La toile, qu'on voit de la rue par la vitrine, attire beaucoup les regards. Certains n'hésitent pas à entrer dans la boutique pour prendre un égoportrait avec cette dernière. « Les gens sont attirés par le travail de Marc Séguin ; c'est très séducteur, mais pas à un premier niveau. Il y a de l'humour, une esthétique précise qui nous rapproche. Je crois que l'image qu'on voit en vitrine, où se côtoient mes mannequins très fashion et la toile avec la pin-up et l'orignal, va devenir très représentative de Wynwood. »

En vedette à Art Basel

Le 3 décembre dernier, la Maison Marie Saint Pierre était en vedette en compagnie d'Objekt Magazine lors d'une soirée présentée dans le cadre de l'événement d'art contemporain Art Basel.

Art Basel

L'Art Basel est l'un des événements consacrés à l'art contemporain les plus courus dans le monde. Fondé en 1970, il réunit chaque année un nombre impressionnant de galeries d'art, d'artistes, de conservateurs et d'amoureux d'art de partout sur la planète, qui viennent découvrir des artistes connus et émergents des arts visuels à travers plusieurs expositions et événements spéciaux. Chaque année, l'Art Basel a lieu à trois endroits : Bâle (Basel en allemand, une ville située en Suisse), Hong Kong et Miami Beach. Établi depuis 2002 à South Beach, à Miami, l'événement est très couru et réunit 250 galeries d'art représentant près de 4000 artistes et 70 000 visiteurs chaque année.

Hôtel Mondrian

C'est au chic hôtel Mondrian, à South Beach, « un lieu extraordinaire, magnifique », selon Marie Saint Pierre, que l'événement s'est déroulé. Pour l'occasion, plus de 200 personnes triées sur le volet se sont déplacées. L'événement présentait à la fois une installation mettant en vedette la collection Habitat Maison Marie Saint Pierre, dans le hall de l'hôtel, et, près de la piscine, des projections en direct de la nouvelle campagne Printemps 2016. « C'est un grand événement pour nous d'être invités à l'Art Basel, souligne Mme Saint Pierre. On vient tout juste de s'installer à Miami. Même si on existe depuis longtemps, ici, on est une jeune marque. »

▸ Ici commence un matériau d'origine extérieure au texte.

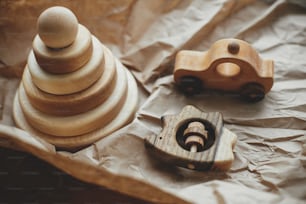 유아를 위한 친환경 플라스틱 무료 장난감. 반지, 치발기 고슴도치, 자동차 장난감이 나무 테이블에 공예 종이에 있는 현대 천연 나무 피라미드. 어린이를위한 세련 된 간단한 나무 장난감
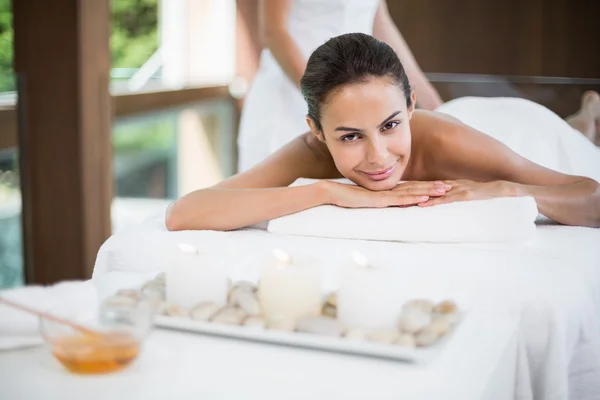 Woman receiving massage at health spa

PHOTO FOURNIE PAR MARIE SAINT-PIERRE

Plus de 200 personnes se sont déplacés pour l'événement organisé par Marie Saint Pierre.

Campagne printemps 2016

Pour la campagne de la collection Printemps 2016, la designer a mis de l'avant le mouvement, ses vêtements ayant été conçus pour conférer une liberté à celles qui les portent. « Cette collection est pensée autour de l'articulation du mouvement, les vêtements sont au service de l'individu, de la mouvance. » C'est donc une danseuse new-yorkaise, Céline D'Hont de Gallim Dance, qui est l'égérie de la campagne. Les images de la campagne étaient projetées sur de grands tableaux transparents et laissaient voir, en trame de fond, la ville de Miami.

Collection Habitat

Parallèlement à ses collections de vêtements, Marie Saint Pierre travaille depuis plusieurs années sur sa collection Habitat. « J'ai eu la permission spéciale d'installer mes meubles dans le hall d'entrée. J'ai surtout installé mes poufs, et nous avons eu beaucoup de réactions positives. Tout le monde voulait les avoir ! À travers le mobilier, j'ai rencontré des architectes, toute une nouvelle clientèle. Je vois qu'il y a beaucoup de potentiel à Miami pour le côté design », détaille celle qui caresse le projet éventuel de créer une collection capsule de ses meubles à Milan.